Problem description:
Starting at the line below holding "I have this" and stopping at the line holding "Hello guys, welcome", print every line exactly, both ends included, and leave the rest out.

Stored items:
◆ ◆ ◆ ◆ ◆ ◆ ◆

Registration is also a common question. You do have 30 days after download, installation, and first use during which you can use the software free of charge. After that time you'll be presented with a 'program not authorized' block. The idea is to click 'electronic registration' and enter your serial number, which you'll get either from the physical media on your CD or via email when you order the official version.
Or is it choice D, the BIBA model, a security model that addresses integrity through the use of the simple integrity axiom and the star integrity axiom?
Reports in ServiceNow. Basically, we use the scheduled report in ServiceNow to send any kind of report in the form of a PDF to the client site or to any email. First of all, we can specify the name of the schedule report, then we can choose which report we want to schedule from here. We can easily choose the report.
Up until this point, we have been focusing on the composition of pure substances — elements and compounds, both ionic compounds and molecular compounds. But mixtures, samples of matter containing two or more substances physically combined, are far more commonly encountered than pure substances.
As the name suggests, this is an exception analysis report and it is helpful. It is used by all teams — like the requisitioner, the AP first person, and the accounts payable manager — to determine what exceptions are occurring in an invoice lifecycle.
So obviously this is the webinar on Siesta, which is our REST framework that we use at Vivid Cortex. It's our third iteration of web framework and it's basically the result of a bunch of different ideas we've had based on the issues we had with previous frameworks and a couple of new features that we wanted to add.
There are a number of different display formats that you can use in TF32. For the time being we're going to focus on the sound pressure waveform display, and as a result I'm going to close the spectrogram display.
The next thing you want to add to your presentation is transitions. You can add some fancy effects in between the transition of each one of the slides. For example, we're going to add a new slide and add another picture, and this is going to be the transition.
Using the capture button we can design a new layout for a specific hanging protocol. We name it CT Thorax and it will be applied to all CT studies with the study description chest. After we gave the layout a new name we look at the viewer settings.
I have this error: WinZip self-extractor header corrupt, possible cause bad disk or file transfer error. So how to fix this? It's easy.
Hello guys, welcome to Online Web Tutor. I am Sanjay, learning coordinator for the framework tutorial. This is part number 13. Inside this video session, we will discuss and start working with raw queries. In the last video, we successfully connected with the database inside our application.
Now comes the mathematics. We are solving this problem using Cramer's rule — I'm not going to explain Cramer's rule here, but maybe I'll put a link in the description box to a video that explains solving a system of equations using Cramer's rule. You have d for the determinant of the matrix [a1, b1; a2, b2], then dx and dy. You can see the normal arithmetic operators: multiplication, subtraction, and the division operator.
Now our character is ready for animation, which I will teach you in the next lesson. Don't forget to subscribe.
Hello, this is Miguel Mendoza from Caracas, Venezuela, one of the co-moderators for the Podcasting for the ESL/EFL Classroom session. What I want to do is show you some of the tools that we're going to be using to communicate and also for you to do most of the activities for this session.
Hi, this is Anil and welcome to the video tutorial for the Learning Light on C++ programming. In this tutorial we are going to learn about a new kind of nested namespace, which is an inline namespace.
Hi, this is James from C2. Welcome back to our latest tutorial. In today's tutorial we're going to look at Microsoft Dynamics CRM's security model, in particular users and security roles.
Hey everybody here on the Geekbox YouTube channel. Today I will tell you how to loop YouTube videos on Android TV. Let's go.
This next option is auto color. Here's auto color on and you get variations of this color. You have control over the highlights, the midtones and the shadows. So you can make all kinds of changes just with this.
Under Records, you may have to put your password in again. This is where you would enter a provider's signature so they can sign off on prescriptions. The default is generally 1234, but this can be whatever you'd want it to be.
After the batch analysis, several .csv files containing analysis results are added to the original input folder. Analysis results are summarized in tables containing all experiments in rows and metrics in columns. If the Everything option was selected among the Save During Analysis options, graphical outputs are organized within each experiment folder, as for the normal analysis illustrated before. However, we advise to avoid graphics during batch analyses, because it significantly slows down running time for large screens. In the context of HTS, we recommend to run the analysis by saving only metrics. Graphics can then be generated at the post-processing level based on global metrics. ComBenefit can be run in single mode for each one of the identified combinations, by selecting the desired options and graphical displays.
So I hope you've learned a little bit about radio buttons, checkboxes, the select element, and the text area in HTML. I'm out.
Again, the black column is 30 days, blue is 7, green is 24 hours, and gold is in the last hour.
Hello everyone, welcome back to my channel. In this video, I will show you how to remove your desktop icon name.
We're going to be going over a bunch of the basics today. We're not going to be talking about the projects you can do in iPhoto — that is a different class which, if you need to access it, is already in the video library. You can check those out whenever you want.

◆ ◆ ◆ ◆ ◆ ◆ ◆

Completed task:
I have this error: WinZip self-extractor header corrupt, possible cause bad disk or file transfer error. So how to fix this? It's easy.
Hello guys, welcome to Online Web Tutor. I am Sanjay, learning coordinator for the framework tutorial. This is part number 13. Inside this video session, we will discuss and start working with raw queries. In the last video, we successfully connected with the database inside our application.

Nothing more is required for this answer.